Yep. It’s the often used Children’s Church mini “altar,” with the Holy Family, the cross and the candle. They are our picture of Jesus.

One day I walked through our house and saw this –

Jesus on the Cross

“What’s Joseph doing here?” I hollered out.

Thump. Thump. Thump. Thump. Thump.

Four year old footsteps came quickly.

“That’s not Joseph,” Ian says, “That’s Jesus. Jesus on the cross.”

I chuckled.

“No. That’s Joseph, “ I said and put him back with Mary and baby.

Funny. It happened over and over. Days would pass and then once again I’d see Joseph up on the cross. First I put him back in place as soon as I caught the change. But after awhile, sometimes I’d leave him there.

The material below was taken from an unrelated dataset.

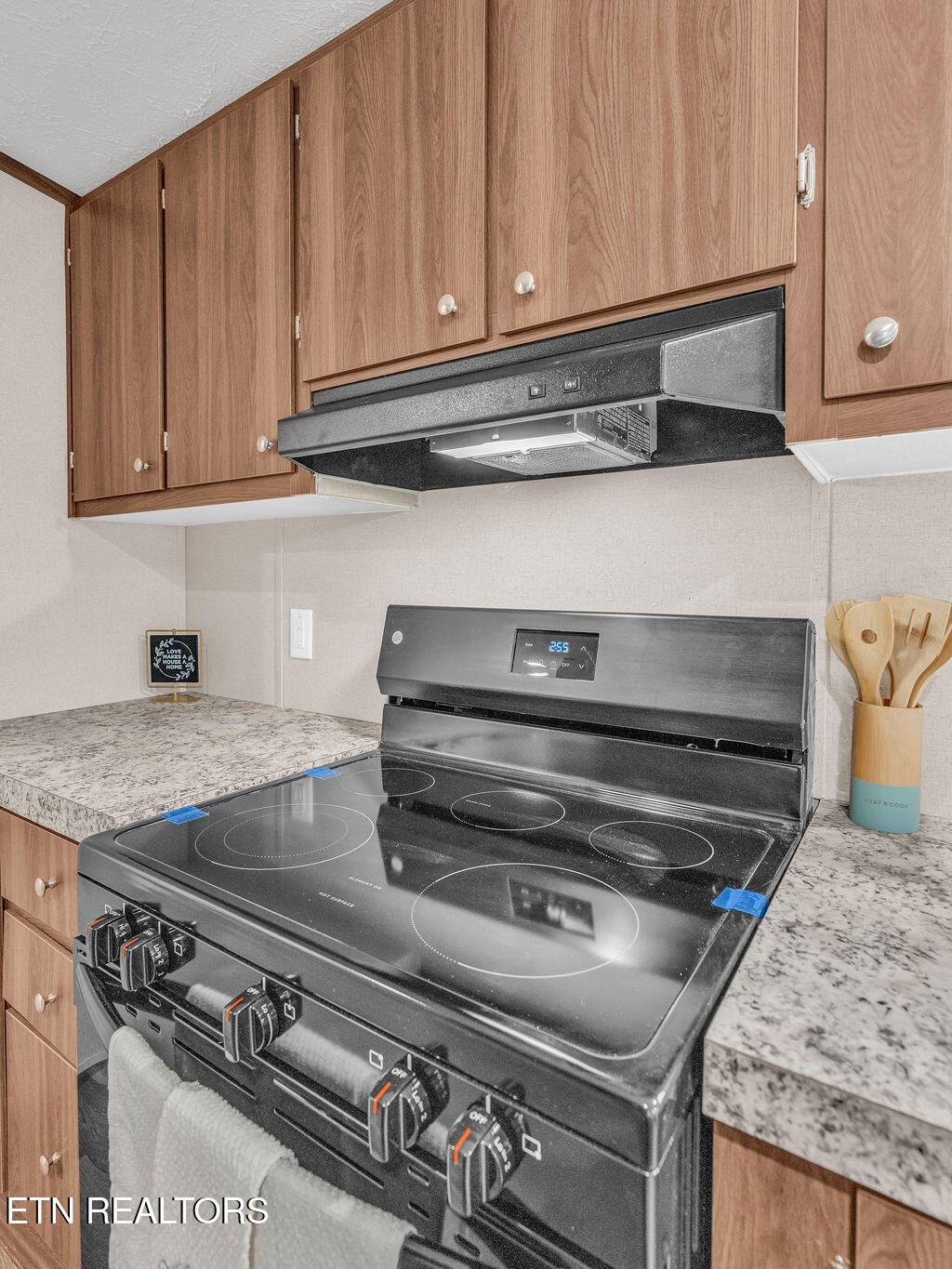 564 Quail Run Lane Lafollette TN 37766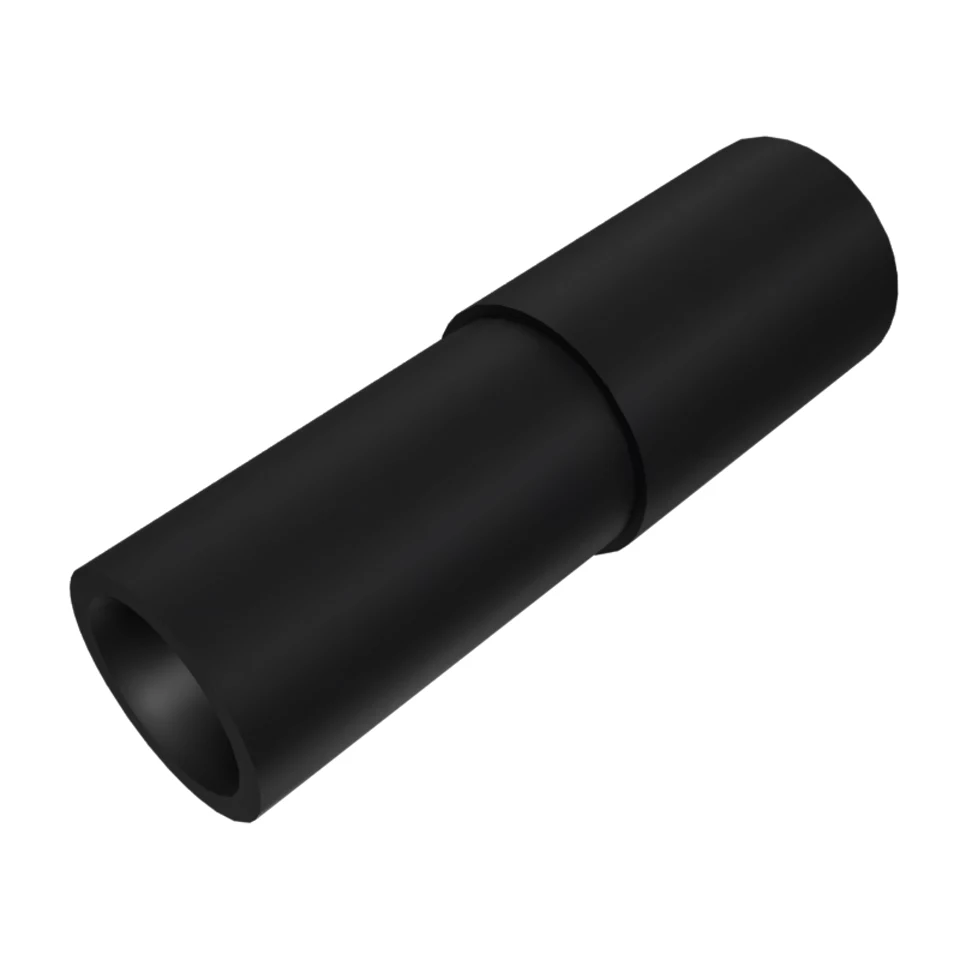 3M-6017: Изолирующая втулка клеммы 3M6017 купить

It was a beautiful picture.

Doesn’t Jesus look like he’s won the battle standing on that cross? Doesn’t it just look like a picture of Genesis 3 – “He will crush his head.”?

But this afternoon I looked at those altar symbols and got what Ian was saying all along. To him, this was Jesus “on the cross.”

I like powerful Jesus. There’s a truth to that picture.

But that is not “Jesus on the cross.”

It’s time for that phrase to be interpreted for Ian this Easter season.

It is a harsh picture – wood, nails, blood.

But it is truth. And, it is beautiful.

There are many children at Apostles. I don’t know what Easter truth each is ready to hear. But this Sunday, Palm Sunday, we will walk through several Stations of the Cross during Children’s Church.

We will certainly

  • touch wood
  • hear nails hammered
  • see a torn robe

We will take home a handkerchief reminder of sweat and tears.

Children 4 years through 5th grade are invited this week. Please decide before worship service whether your child will attend or stay with you. Rod will invite them to come forward during the gospel anthem. We will stay for the gospel reading and then leave. They will return to you after the sermon, before baptisms.